DATASET EXTRACT:
::::
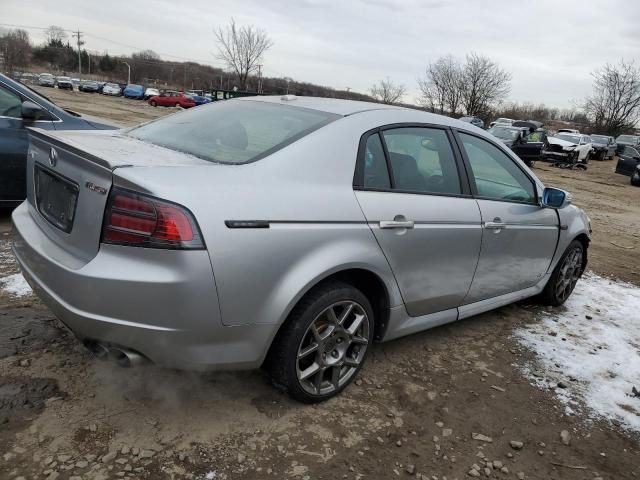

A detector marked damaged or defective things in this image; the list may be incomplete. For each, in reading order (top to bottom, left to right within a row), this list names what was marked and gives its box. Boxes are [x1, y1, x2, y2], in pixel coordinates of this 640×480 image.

damaged vehicle [544, 133, 596, 167]
damaged vehicle [592, 135, 616, 161]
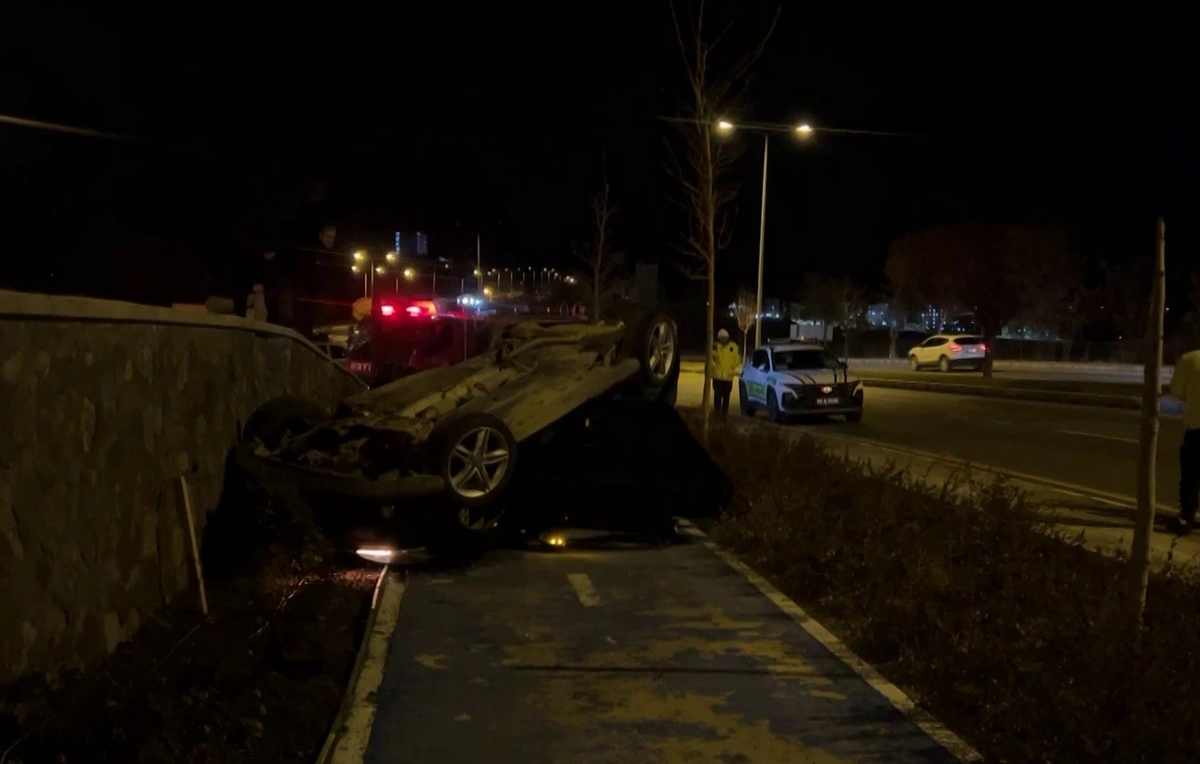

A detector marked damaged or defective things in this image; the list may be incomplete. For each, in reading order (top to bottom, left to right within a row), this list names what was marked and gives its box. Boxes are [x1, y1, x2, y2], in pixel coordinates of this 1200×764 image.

overturned car [236, 309, 686, 554]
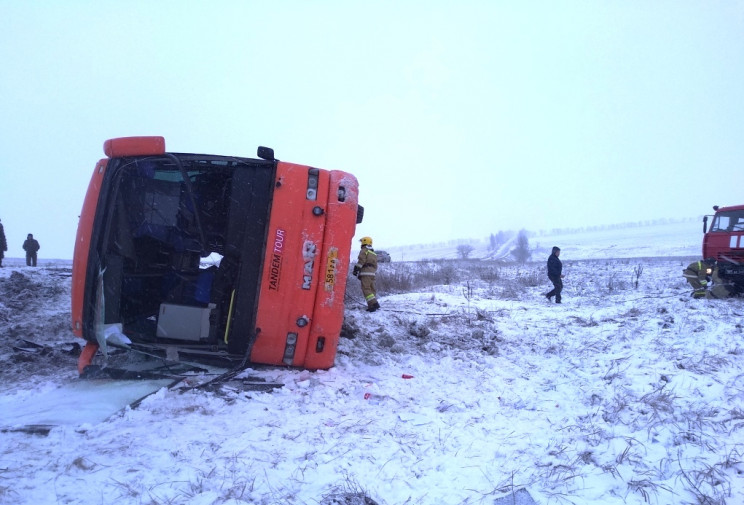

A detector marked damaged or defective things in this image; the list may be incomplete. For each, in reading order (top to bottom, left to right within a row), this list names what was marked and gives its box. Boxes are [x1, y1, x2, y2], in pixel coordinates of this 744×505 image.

overturned orange bus [71, 137, 362, 374]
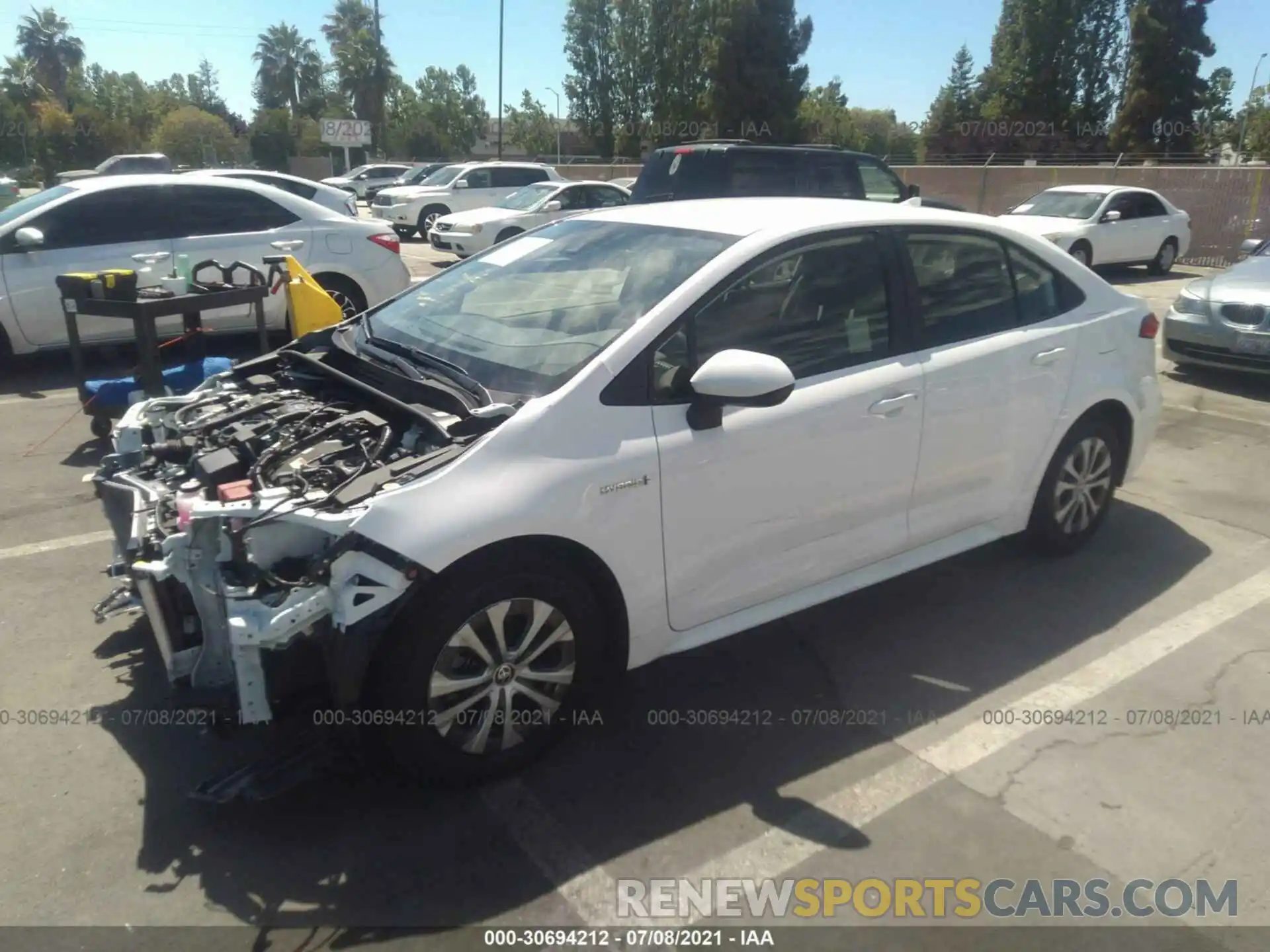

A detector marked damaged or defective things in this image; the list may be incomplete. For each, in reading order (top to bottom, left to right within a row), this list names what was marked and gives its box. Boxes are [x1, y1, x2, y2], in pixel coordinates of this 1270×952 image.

white damaged sedan [427, 180, 630, 257]
exposed car engine [94, 342, 505, 731]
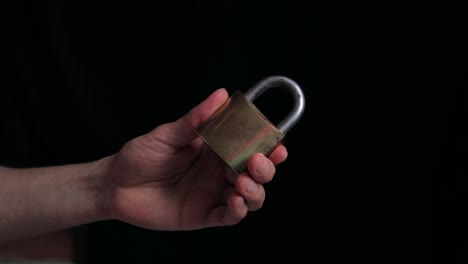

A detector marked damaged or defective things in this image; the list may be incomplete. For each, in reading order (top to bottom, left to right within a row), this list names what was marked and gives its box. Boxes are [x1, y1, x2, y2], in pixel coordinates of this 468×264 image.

rust mark on padlock [196, 75, 306, 174]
::::
WORK REQUEST: With the pictures left out, copy exactly the lines above from the line containing "this 1200×764 image." through the last line of the entries.

ANSWER TO THIS EXERCISE:
A detector marked damaged or defective things in this image; the list may be incomplete. For each, in reading order (top to bottom, left to right within a row), this list names what was marked and gives its box. Boxes are [x1, y1, x2, y2], in pixel coordinates of this 1200×764 image.

overturned car [236, 309, 686, 554]

A detector marked damaged or defective things in this image; the list may be incomplete. For each, in reading order (top to bottom, left to right within a row), this list names what was marked and gives its box. Boxes are [x1, y1, x2, y2], in pixel coordinates of this 744×505 image.

overturned orange bus [71, 137, 362, 374]

A detector marked damaged or defective things in this image; the list may be incomplete. For each, in reading order (top to bottom, left to right within a row), this list names what was marked and gives its box. Boxes are [x1, y1, x2, y2], in pixel coordinates of this 1270×952 image.

white damaged sedan [427, 180, 630, 257]
exposed car engine [94, 342, 505, 731]

A detector marked damaged or defective things in this image; the list may be incomplete. For each, in reading order (top to bottom, left to right within a row), this list names what was marked and gives its box. Boxes are [x1, y1, x2, y2], in pixel coordinates of this 468×264 image.

rust mark on padlock [196, 75, 306, 174]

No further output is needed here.